Ein weiterer Megatrend in den sozialen Medien ist die Verbindung von gegensätzlichen Geschmäckern: süße, salzige oder scharfe Aromen miteinander kombiniert. Zusammengefasst unter Begriffen wie „swalty“ (sweet & salty) oder „swicy“ (sweet & spicy). Besonders beliebt sind DIY-Snacks mit kulinarischen Einflüssen aus der mexikanischen oder ostasiatischen Küche. Multisensorischen Geschmackserlebnisse sprechen nicht nur die Zunge, sondern auch das Auge an und treffen damit den ästhetischen Anspruch der Gen Z. Hier könnten Einzelhändler kreative Snack-Bundles schnüren oder gezielt mit international inspirierten Mini-Rezepten arbeiten, die zum Ausprobieren einladen.
Last but not least lohnt ein Blick auf die „Protein Coffee Cubes“. Diese Iced-Coffee-Variante kombiniert Kaffee mit Proteinpulver oder Shakes, wird eingefroren und als Würfel in Milch oder Pflanzendrinks serviert.
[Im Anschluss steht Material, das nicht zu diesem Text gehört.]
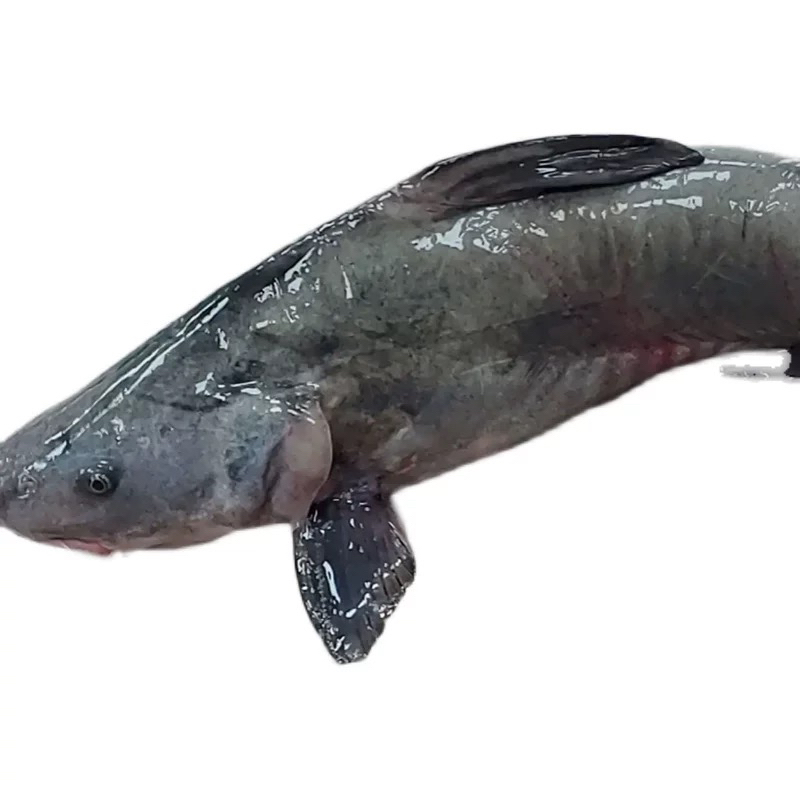 ［万源优选］鲜活江团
Der Vorteil: hoher Nährwert, coole Optik, schnelle Zubereitung und damit ideal für unterwegs oder das Büro. Auch hier kann der Einzelhandel aktiv werden: mit Starterpaketen aus Bio-Instantkaffee, veganem Proteinpulver und passenden Eiswürfelformen oder mit einem To-go-Angebot im Cafébereich.
TikTok liefert nicht nur Unterhaltung, sondern verlässliche Hinweise auf Ernährungsbedürfnisse, die Gen Z wirklich beschäftigen. Trends wie Fibermaxxing oder WaterTok zeigen: Wer sie früh erkennt und intelligent in Sortiment, Beratung und Kommunikation integriert, kann sich als moderner, relevanter und gesundheitsorientierter Anbieter positionieren.
Gleichzeitig gilt: Nicht jeder algorithmusgetriebene Hype muss mitgemacht werden. Der Blick auf TikTok kann Orientierung geben, doch der Erfolg im Biofachhandel entsteht dort, wo Trends mit Bedacht, Markenwerten und echtem Kundennutzen zusammengeführt werden. Wer sich nur vom nächsten viralen Effekt treiben lässt, läuft Gefahr, Authentizität zu verlieren und die eigene Freiheit, Akzente zu setzen, zu opfern.
Gerade der Fachhandel lebt von Glaubwürdigkeit, Vielfalt und Überzeugungskraft. Deshalb ist es umso wichtiger, neue Impulse bewusst zu prüfen, weiterzudenken und mit der eigenen Haltung zu verknüpfen. So wird aus einem Trend nicht nur ein kurzfristiger Verkaufserfolg, sondern ein nachhaltiger Beitrag zur Ernährungskultur von morgen.